Although I knew Jonathon Richman and the Modern Lovers through Roadrunner, Ice Cream Man and Egyptian Reggae, which I heard around the time of the first punk explosion, for some reason I never really listened to him very closely until about three or four days ago, which is quite a long time to allow such a great treasure to escape from your life … I can’t even remember the chain of aleatoric thoughts that lead me to him again, but I find myself becoming ever more captivated by his enchanting music.

What I find so great about him is that unlike a band like Coldplay and countless others who need to express BIG emotions and big sounds, which ultimately end up feeling limited and constrained  because of the scale of their ambition, Jonathon Richman’s music is small and homespun in its sound and in its lyrical interest and yet manages to seem limitless in the possibilities it suggests of its possible meaning and its spiritual yearning.

Whether he is writing about being a mosquito or about honey bees or parachute jumpers, whether about the joys of driving along a New England freeway or dancing in a lesbian bar; however small or parochial the nature of his concerns, the expansive nature of the joy that the lyrics give rise to in the listener and the vibrancy and ebullience of the music are such that any one of his songs could charge you with sufficient energy to single-handed build a pyramid, fight a Roman legion (assuming there was one in the vicinity of the pyramid) and still have room to counter the next wave of misery that is an inherent part of the human condition, but which he manages to somehow dissipate through his songwriting.
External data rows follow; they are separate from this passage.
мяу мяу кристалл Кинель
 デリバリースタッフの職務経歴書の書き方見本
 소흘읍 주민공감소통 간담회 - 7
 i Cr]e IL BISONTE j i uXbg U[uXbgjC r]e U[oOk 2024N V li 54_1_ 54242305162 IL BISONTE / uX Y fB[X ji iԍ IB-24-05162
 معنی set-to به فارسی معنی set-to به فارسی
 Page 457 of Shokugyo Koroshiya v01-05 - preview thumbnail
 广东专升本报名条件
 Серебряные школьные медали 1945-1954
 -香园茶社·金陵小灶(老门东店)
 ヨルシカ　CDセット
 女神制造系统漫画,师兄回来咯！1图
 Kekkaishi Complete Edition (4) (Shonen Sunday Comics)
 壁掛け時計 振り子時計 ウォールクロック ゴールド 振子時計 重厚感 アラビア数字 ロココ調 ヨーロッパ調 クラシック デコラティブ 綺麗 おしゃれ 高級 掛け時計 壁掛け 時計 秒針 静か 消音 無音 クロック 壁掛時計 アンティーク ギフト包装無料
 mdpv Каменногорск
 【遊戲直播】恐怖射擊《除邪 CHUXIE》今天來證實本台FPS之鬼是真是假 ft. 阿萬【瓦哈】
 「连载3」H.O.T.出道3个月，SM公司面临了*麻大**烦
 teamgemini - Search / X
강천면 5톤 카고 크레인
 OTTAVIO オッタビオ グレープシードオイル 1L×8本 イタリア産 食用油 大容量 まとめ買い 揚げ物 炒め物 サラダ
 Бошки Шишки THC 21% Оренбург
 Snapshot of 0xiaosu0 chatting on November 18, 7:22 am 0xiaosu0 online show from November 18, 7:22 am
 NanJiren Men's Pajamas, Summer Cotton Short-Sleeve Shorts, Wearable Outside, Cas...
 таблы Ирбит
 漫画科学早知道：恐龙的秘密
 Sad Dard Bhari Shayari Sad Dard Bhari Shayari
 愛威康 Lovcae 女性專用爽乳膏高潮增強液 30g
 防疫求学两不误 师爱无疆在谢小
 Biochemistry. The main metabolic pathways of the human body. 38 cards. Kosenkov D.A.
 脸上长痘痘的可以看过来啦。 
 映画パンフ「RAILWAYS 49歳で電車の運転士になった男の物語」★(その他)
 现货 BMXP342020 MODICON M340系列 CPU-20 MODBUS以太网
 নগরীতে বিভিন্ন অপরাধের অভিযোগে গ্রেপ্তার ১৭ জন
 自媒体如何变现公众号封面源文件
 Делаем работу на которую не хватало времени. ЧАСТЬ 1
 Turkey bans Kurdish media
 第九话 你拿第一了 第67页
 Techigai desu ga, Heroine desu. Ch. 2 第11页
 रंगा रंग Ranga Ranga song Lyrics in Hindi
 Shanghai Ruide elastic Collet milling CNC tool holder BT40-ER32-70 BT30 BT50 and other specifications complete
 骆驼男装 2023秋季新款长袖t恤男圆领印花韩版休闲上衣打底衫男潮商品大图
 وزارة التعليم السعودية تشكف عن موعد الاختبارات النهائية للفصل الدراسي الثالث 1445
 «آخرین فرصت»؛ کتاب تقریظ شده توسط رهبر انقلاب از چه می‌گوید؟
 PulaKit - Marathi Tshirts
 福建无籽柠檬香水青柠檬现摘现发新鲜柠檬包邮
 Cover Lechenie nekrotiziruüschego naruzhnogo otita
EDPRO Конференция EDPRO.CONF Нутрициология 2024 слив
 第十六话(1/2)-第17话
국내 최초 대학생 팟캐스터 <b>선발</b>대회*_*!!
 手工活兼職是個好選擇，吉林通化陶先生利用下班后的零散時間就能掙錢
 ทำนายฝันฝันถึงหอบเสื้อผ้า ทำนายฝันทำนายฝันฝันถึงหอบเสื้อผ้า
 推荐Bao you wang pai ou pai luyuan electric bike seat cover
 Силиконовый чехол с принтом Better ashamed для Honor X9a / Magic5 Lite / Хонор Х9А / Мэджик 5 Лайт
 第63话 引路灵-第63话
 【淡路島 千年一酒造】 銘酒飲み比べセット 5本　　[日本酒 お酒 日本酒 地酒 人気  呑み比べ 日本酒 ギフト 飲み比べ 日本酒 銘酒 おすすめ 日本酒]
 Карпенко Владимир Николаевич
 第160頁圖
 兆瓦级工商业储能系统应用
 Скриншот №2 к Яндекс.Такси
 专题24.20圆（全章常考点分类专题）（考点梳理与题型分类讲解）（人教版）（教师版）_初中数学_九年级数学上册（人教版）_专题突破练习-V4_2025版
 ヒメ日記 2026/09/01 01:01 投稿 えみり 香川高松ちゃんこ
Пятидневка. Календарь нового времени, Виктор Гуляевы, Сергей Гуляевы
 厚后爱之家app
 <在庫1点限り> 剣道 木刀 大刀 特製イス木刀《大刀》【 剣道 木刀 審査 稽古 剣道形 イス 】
Although there are so many of his songs that are great, I particularly love ‚Twilight in Boston‚ because it expresses the joy of the mundane – of the prosaic, with precisely the deftness of touch that avoids slipping into the mawkish (of course, this is subjective). It happens to refer to Boston, but this could be an experience that anyone could have, anywhere in the world – at any time. It’s sung with that gleeful sense that enjoyment comes from the here and now, from the smallness of things, which at the same time are connected to something greater.

(bob. t. bright, 2013)

 

imagine a summer campfire feel, all
along tracks of purity and wit, and a hat
for bo. now imagine these songs being
even more naked than you thought they
were in their salad days, rocking
in quite nonchalant ways. as
a last step, imagine a room with
a flower, a shadow of the disappeared,
and strum simple, strum, strum – the guitar.

(m.e.)

 

This entry was posted on Montag, 2. Mai 2022 and is filed under "Blog". You can follow any responses to this entry with RSS 2.0. Both comments and pings are currently closed.

1 Comment

  1. Michael Engelbrecht:

    Mark Smotroff in „audiophile review“, the other day:

    „Next up on your party playlist should be Jonathan Richman and the Modern Lovers’ final studio release, Modern Lovers 88. Celebrating its 35th anniversary, the album was remastered in an all-analog process from the original tapes by Kevin Gray at Cohearant Audio and pressed on opaque “Hot Nights Sky Blue” vinyl. The notion of an audiophile treatment for Jonathan’s music might seem counter intuitive given the simplicity of his band and arrangements but it is exactly that factor which might make you want to pick this up even if you aren’t already a fan.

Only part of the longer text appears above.